Reputation: 4575
I have a dataframe of the form below which has two fields. field1 is a categorical field with only two values TRUE or FALSE, and field2 is a list. I would like to parse field2 and create new columns in my dataframe one for each unique value in the character list. For example, I would like to create 3 new columns from the data below, the columns would be Bas, ants, and onal. I would like the new columns to contain a flag TRUE or FALSE indicating that the field2 value for that row contained the value the field is named for. For example, the row 1 value for the new column Bas would be TRUE, the row 1 value of column onal would be FALSE. In Python there's a function called getdummies that does something similar. I'm not sure if there's an equivalent in r, also I'm not exactly sure how to parse the list. Any tips are greatly appreciated.
Sample data:
structure(list(field1 = c("False", "TRUE"), field2 = list(
c("Bas", "ants"), c("Bas", "onal"))), .Names = c("field1",
"field2"), row.names = c(1904L, 1968L), class = "data.frame")
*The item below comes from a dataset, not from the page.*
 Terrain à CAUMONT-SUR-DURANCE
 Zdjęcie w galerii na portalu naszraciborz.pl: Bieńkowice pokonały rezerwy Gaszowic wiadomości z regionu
Here is a sample of what I'd like the output to look like:
structure(list(field1 = c(FALSE, TRUE), field2 = list(
c("Bas", "ants"), c("Bas", "onal")), class = "factor"), Bas = c(TRUE, TRUE
), ants = c(TRUE, FALSE), onal = c(FALSE, TRUE)), .Names = c("field1",
"field2", "Bas", "ants", "onal"), class = "data.frame", row.names = c(NA,
-2L))
Upvotes: 0
Views: 80
Reputation: 388
Try this.
data<-structure(list(field1 = c("False", "TRUE"), field2 = c("Bas", "Bas"),field3=c("ants", "onal")), .Names = c("field1",
"field2","field3"), row.names = c(1904L, 1968L), class = "data.frame")
library(reshape2)
newdata <-melt(data,id.vars=c("field3","field2"))
x<-acast(newdata, value~field3)
y<-acast(newdata, value~field2)
final=cbind(x,y)
Upvotes: 0
Reputation: 887213
We can use mtabulate
from library(qdapTools)
library(qdapTools)
!!(mtabulate(df1$field2))
# ants Bas onal
#[1,] TRUE TRUE FALSE
#[2,] FALSE TRUE TRUE
df1 <- structure(list(field1 = c("False", "TRUE"),
field2 = list(c("Bas",
"ants"), c("Bas", "onal"))), .Names = c("field1", "field2"),
row.names = c(1904L, 1968L), class = "data.frame")
Upvotes: 1